WINDLORD
A high-performance flying wing sailplane that has proved competitive to conventional craft. — Ken Bates
THE WINDLORD is named after a king in the Tolkien Trilogy, The Lord of the Rings. This king of eagles is named in Elvish "Gwaiher" and translates as "Windlord" in English. I tell you this because some of the design criteria (aspect ratio, tip shape, and size) are those of the largest measured eagles.
The Windlord has a wing span of 100 in., wing area of 1400 sq. in., and an aspect ratio of 7 to 1. I have built four Windlords weighing between 50-70 oz., with wing loadings of 5 to 7 oz./sq.ft. Control is by rudder-elevator, which responds in a conventional manner, along with provisions for optional lift and drag flaps on the underside of the wing. If the ship is kept under 70 oz., unballasted, performance is comparable to most Standard Class ships being flown in competition.
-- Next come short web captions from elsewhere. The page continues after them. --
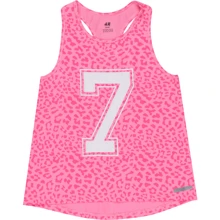 Майка H & M 2505291 134-140 см рожева: Тип майки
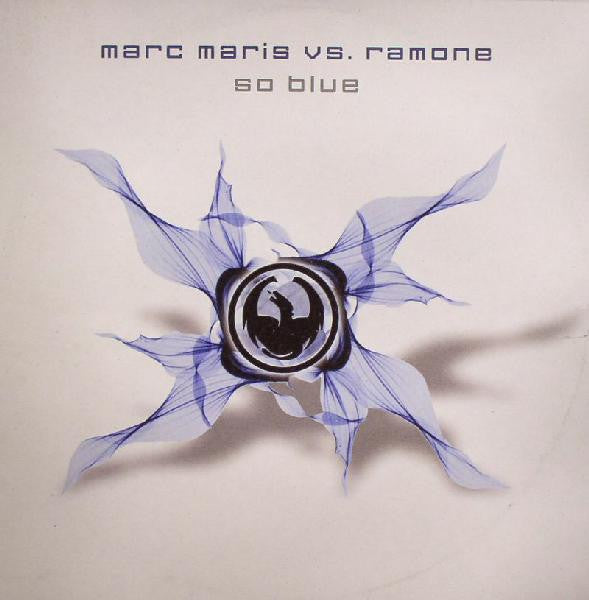 Marc Maris Vs. Ramone : So Blue (12")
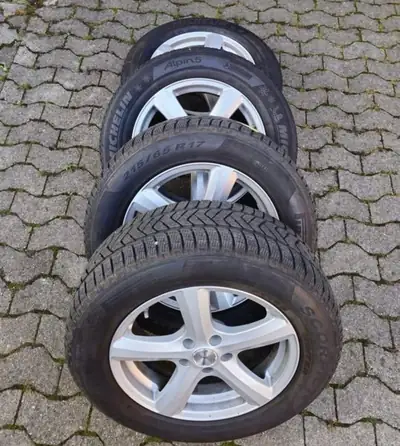VW Tiguan 2.0 TDI SCR Highline — SUV robuste 4Motion, diesel économe — Thumbnail 12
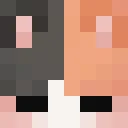 FurryFemboyCat classic skin texture
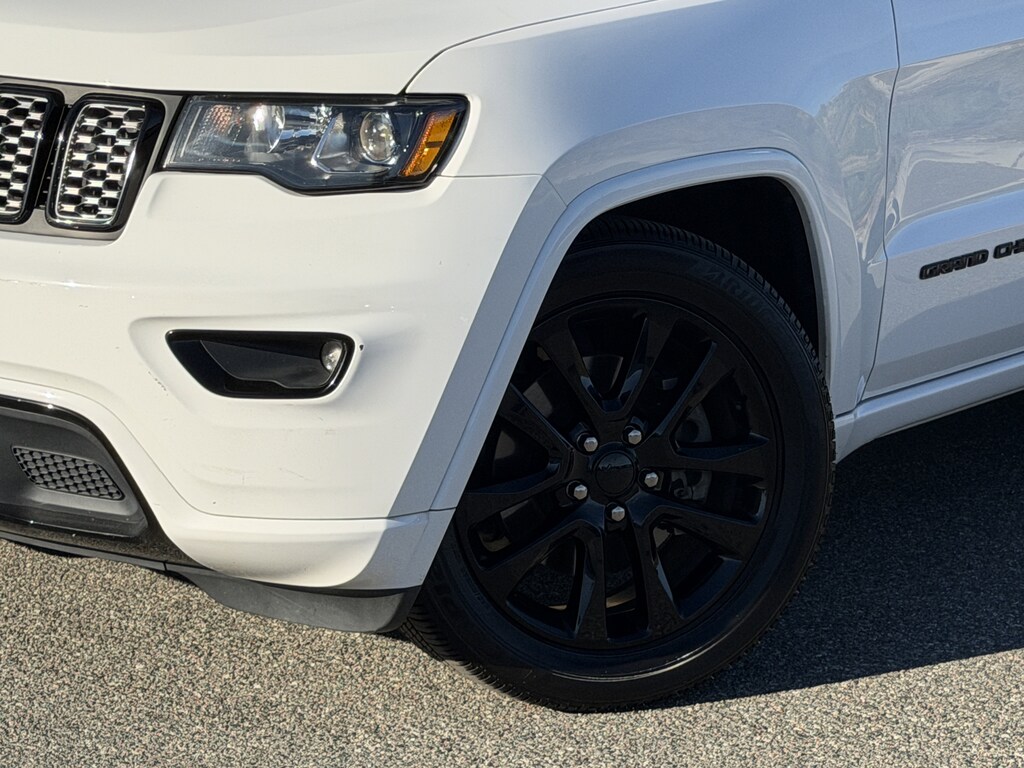 Used 2021 Jeep Grand Cherokee Laredo X SUV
The NACA 23009-75 airfoil will not tow as well as a flat bottom section. This gives the Windlord a somewhat shorter dead-air time than the best Standard Class ships have. However, the rapid recovery and tight turning capabilities inherent in the design, produce a ship that will out thermal most conventional designs, and the high lift-to-drag ratio means that the Windlord can stay with a thermal farther down wind and still get back to land. The 1977 Contest record as of 8/22/77 is one first, two seconds, and three third places.
The Windlord project started about four years ago when I read about the Marski flying wings in Jim Marski's book. Using this information, I built a model along the lines of his Pioneer II. It flew well from a hand launch, but hi-start towing proved disastrous. As I found out later, this was through no flaw in Jim's designs, but through lack of thought on my part.
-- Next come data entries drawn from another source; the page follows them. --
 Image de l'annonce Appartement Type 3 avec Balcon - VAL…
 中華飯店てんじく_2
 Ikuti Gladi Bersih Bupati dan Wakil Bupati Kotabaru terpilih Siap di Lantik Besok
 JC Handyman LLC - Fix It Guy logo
My interest in flying wings was kept alive through the next four years by the outstanding flight characteristics of small balsa and paper models thrown out of my fourth floor office window. This highly scientific research was executed by myself and my chief fellow experimental associate Keith Shaw, who usually said, "It looks funny, I wonder if it will fly."
I found in an old NACA wartime report, experiments on flying wing stability that indicated that I had been on the right track. A short time later, I found that my towing problem was due to using a conventional tow hook location on an unconventional design. The prototype Windlord followed shortly, and was a success right off the board.
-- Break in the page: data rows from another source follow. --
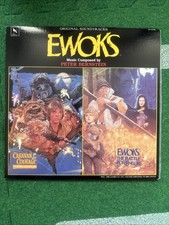 Ewoks 12” Lp Peter Bernstein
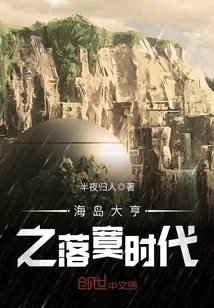 《海岛大亨之落寞时代》小说封面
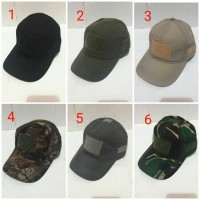 Jual TOPI VELCRO POLOS Murah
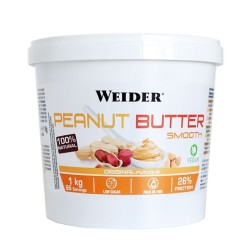 WEIDER PEANUT BUTTER SMOOTH...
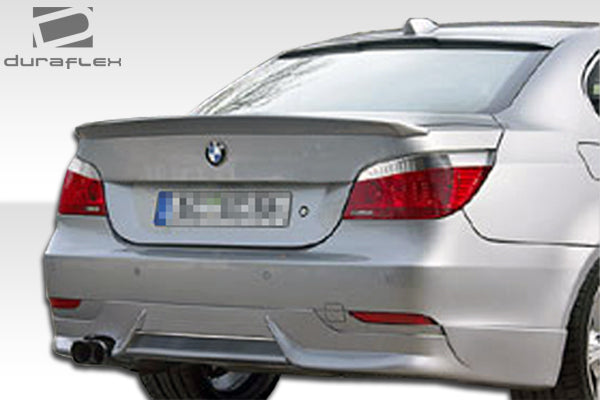 Extreme Dimensions Duraflex AC-S Trunk Lid Spoiler Compatible With 2004-2010 BMW 5 Series - 1 Piece - 103439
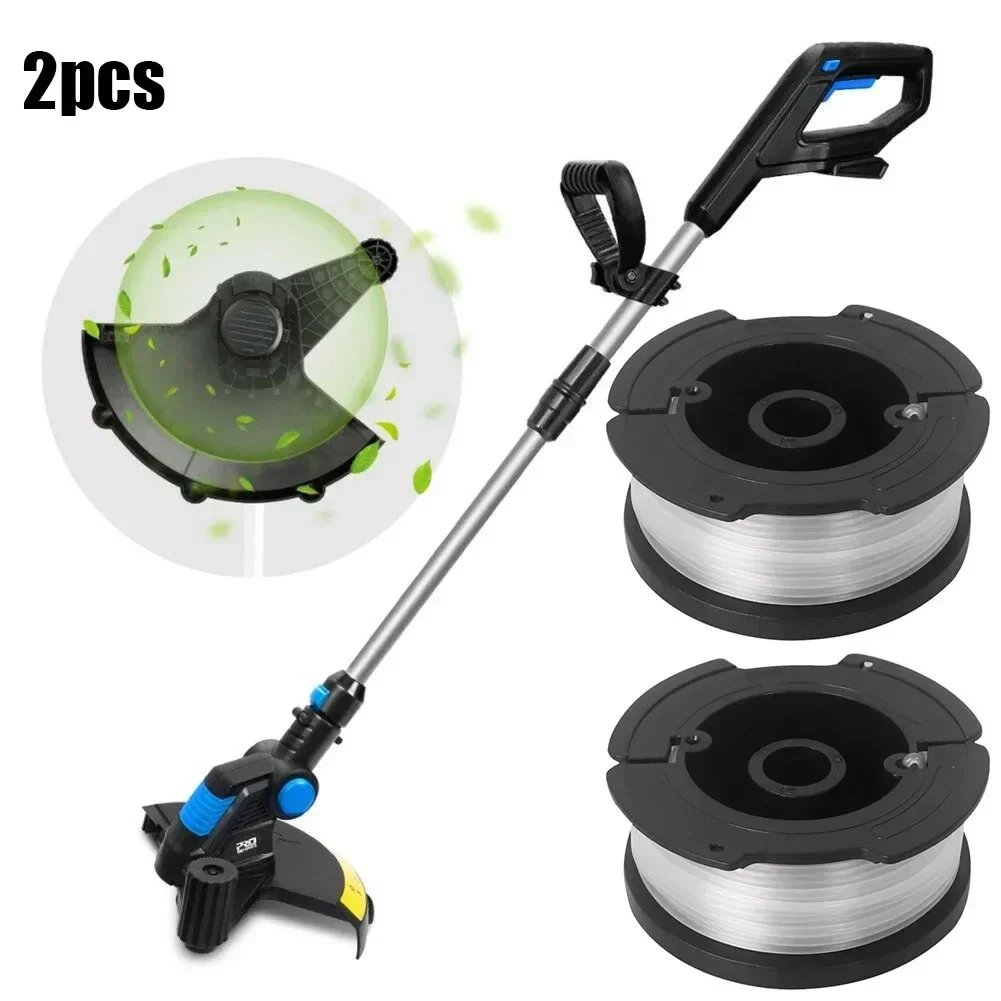 Electric Grass Trimmer 20v For Telescopic Handle Cordless Lawn Mower Coil  For Cordless Grass Trimmer Blade Cutter Lawn Trimmer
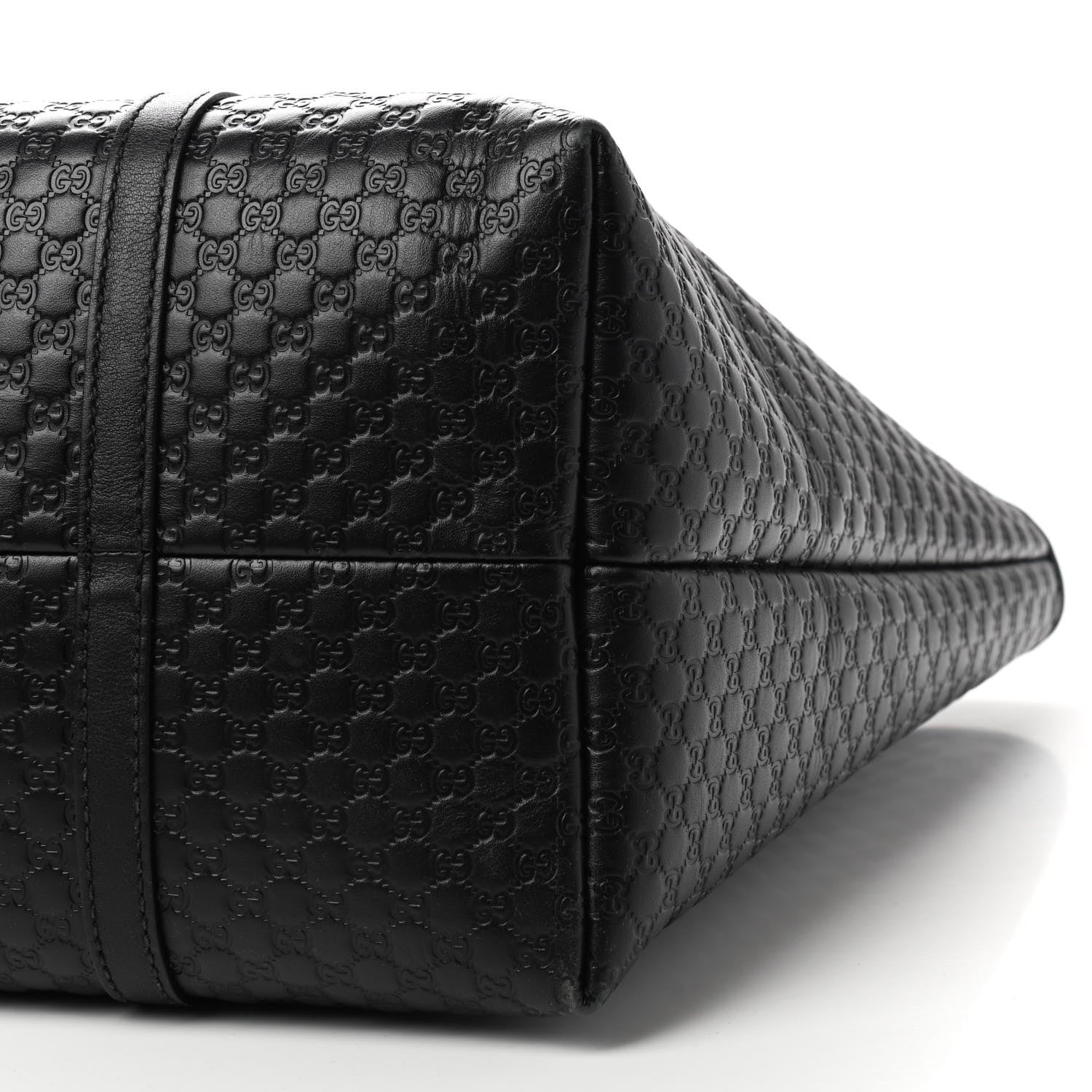 Gucci Microguccissima Large Joy Tote Black 10 of 10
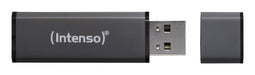 EAN 4034303017065 - Intenso Alu Line unidad flash USB 4 GB USB tipo A 2.0 Antracita imagen 2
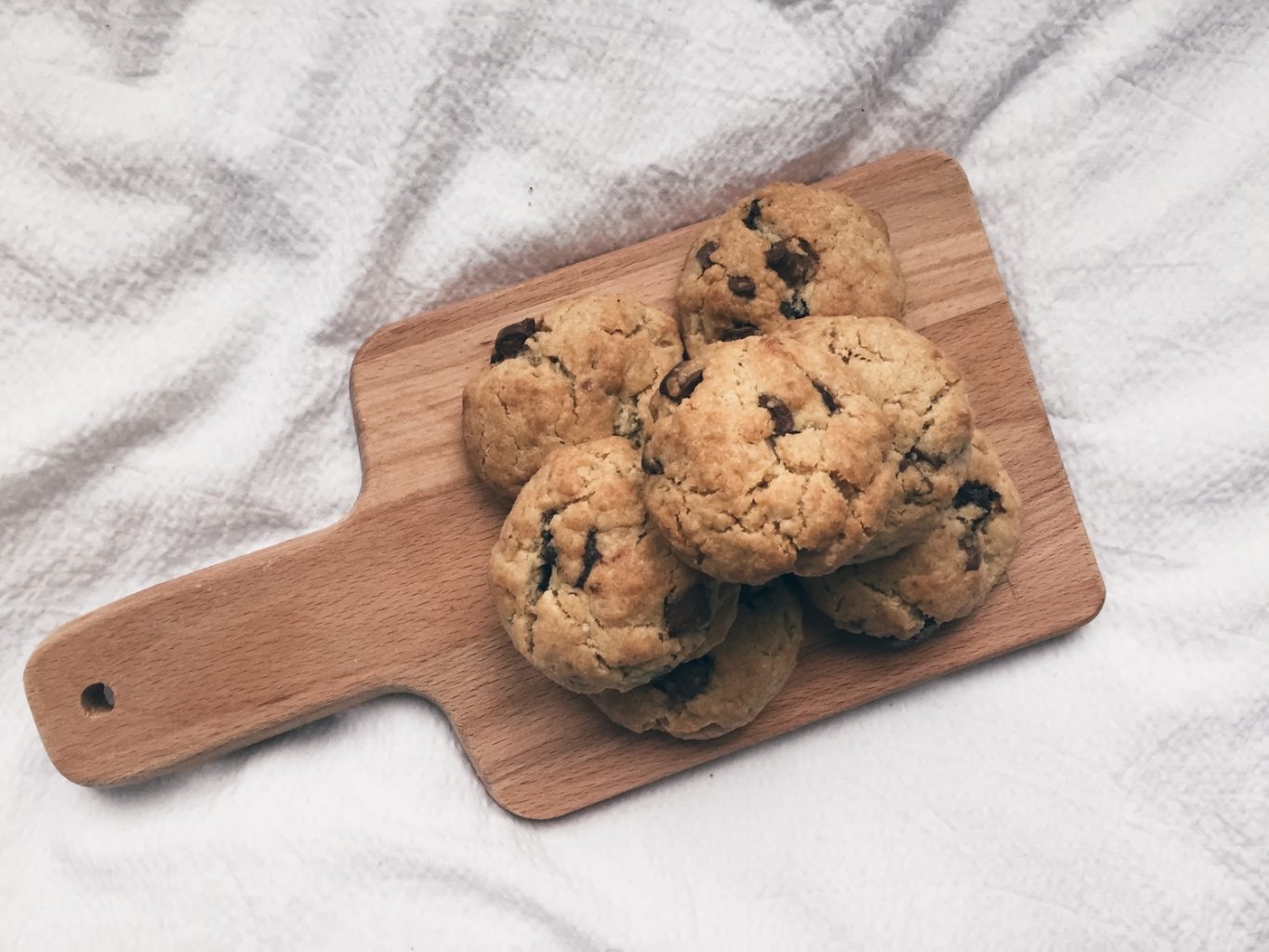 chocolate-chip-cookies-kekse-vegan-backen-bake-schokolade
The constant chord planform was based on my experiments (including swept planforms) and the NACA wartime reports on tailless models flown in the Langley free flight wind tunnel. These tests indicated that the non-swept center of pressure configuration offered the best longitudinal stability with the fewest drawbacks.
Swept-back wings have increased damping on the pitch and yaw axes. Since the NACA was trying to develop a stable bombing and gunnery platform, these characteristics were desirable. On models, however, the swept-back planform is highly unstable at very high angles of attack, where spanwise flow reduces tip lift, causing even higher angles of attack, resulting in violent whip stalls. Also, swept-back wings exhibit a dihedral effect at high angles of attack, which creates problems with roll axis control. Some of the Northrop wings had down-swept tips to function as rudders, and to counteract some of this dihedral effect. Swept-forward planforms (even tapered wings with straight leading edge), tend to stabilize in a nose high attitude and require wash-in at the tips to prevent this. However, the wash-in produced tip stall and spiral instability.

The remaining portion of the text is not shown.